The bronze medal winner in this study is probably Pavel Datsyuk:
| Player | Shots with | Shots without | Sh% with | Sh% without | Sh% boost with Datsyuk |
| Zetterberg | 242 | 437 | 6.2% | 7.6% | -1.4% |
| Franzen | 163 | 288 | 8.6% | 10.4% | -1.8% |
| Lidstrom | 153 | 155 | 8.5% | 3.2% | +5.3% |
| Hossa | 125 | 110 | 16.8% | 8.2% | +8.6% |
| Bertuzzi | 98 | 192 | 10.2% | 9.4% | +0.8% |
| Cleary | 98 | 313 | 14.3% | 9.9% | +4.4% |
| Stuart | 92 | 187 | 2.2% | 2.1% | +0.1% |
| Rafalski | 87 | 162 | 3.4% | 4.9% | -1.5% |
| Kronwall | 48 | 153 | 8.3% | 5.2% | +3.1% |
| Holmstrom | 164 | 47 | 15.2% | 2.1% | +13.1% |
| Ericsson | 44 | 119 | 4.5% | 3.4% | +1.2% |
Finally, as a homer fan, of course I had to include Claude Giroux in the study. Unfortunately, he’s been growing rapidly as a player, so there’s only a small dataset for the period where he was a leading playmaker. The results from last year aren’t particularly compelling, but we should revisit his play in a year or two.

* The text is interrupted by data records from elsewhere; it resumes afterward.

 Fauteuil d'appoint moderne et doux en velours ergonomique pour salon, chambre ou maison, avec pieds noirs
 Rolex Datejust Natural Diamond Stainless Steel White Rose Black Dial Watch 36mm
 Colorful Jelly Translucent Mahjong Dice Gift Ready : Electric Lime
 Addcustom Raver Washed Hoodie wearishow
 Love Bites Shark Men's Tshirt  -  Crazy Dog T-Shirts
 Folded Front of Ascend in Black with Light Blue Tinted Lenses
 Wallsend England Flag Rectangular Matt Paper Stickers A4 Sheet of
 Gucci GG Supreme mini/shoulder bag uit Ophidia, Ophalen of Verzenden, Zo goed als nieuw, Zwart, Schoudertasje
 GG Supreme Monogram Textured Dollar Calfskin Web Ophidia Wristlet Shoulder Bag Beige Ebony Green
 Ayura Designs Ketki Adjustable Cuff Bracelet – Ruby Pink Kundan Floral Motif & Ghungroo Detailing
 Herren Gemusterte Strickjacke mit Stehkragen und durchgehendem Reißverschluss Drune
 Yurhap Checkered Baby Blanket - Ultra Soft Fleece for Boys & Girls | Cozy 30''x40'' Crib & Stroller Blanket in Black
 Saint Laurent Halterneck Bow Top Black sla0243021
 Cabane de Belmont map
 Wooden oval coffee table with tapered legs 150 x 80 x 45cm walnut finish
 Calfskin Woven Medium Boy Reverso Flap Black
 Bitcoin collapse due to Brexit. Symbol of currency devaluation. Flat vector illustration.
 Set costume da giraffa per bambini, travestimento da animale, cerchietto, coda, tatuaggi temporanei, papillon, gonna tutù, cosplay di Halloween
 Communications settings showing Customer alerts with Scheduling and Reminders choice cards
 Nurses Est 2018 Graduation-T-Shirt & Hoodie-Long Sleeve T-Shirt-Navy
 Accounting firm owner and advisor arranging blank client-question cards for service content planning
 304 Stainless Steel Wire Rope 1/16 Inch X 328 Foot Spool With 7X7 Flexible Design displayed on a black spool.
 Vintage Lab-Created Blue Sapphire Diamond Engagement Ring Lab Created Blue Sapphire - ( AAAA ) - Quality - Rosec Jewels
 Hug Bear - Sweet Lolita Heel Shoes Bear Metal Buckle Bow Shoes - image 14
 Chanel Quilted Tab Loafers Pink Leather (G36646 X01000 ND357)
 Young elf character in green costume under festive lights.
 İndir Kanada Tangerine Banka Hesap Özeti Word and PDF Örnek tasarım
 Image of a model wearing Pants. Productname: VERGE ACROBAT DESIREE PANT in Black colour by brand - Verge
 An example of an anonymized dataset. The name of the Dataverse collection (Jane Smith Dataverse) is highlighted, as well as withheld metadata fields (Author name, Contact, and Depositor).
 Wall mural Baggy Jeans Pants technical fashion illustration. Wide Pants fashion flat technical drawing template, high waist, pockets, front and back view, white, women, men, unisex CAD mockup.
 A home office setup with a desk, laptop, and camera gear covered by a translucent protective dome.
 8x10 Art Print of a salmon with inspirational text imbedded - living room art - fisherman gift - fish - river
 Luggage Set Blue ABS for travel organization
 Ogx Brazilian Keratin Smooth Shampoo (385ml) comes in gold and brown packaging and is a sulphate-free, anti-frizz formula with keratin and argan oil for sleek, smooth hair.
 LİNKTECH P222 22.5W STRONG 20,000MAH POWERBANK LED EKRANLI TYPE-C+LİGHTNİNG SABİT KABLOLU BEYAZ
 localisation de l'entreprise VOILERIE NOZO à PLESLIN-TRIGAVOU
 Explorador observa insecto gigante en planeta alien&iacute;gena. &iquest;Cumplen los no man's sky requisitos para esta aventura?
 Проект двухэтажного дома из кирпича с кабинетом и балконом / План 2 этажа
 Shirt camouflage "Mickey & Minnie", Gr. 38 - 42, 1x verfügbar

| Player | Shots with | Shots without | Sh% with | Sh% without | Sh% boost with Giroux |
| Carter | 178 | 75 | 10.7% | 10.7% | 0.0% |
| Zherdev | 60 | 66 | 10.0% | 13.6% | -3.6% |
| van Riemsdyk | 47 | 103 | 14.9% | 10.7% | +4.2% |
| Coburn | 37 | 70 | 0.0% | 2.9% | -2.9% |
| Timonen | 35 | 65 | 2.9% | 3.1% | -0.2% |
| Richards | 31 | 100 | 12.9% | 11.0% | +1.9% |
The data suggests that players can influence their teammates’ shooting percentages, but only the very best playmakers can do it and even then only to a modest degree. It remains safe to assume for the vast majority of players that when they post an above-average on-ice shooting percentage, it is not the result of their individual passing skills.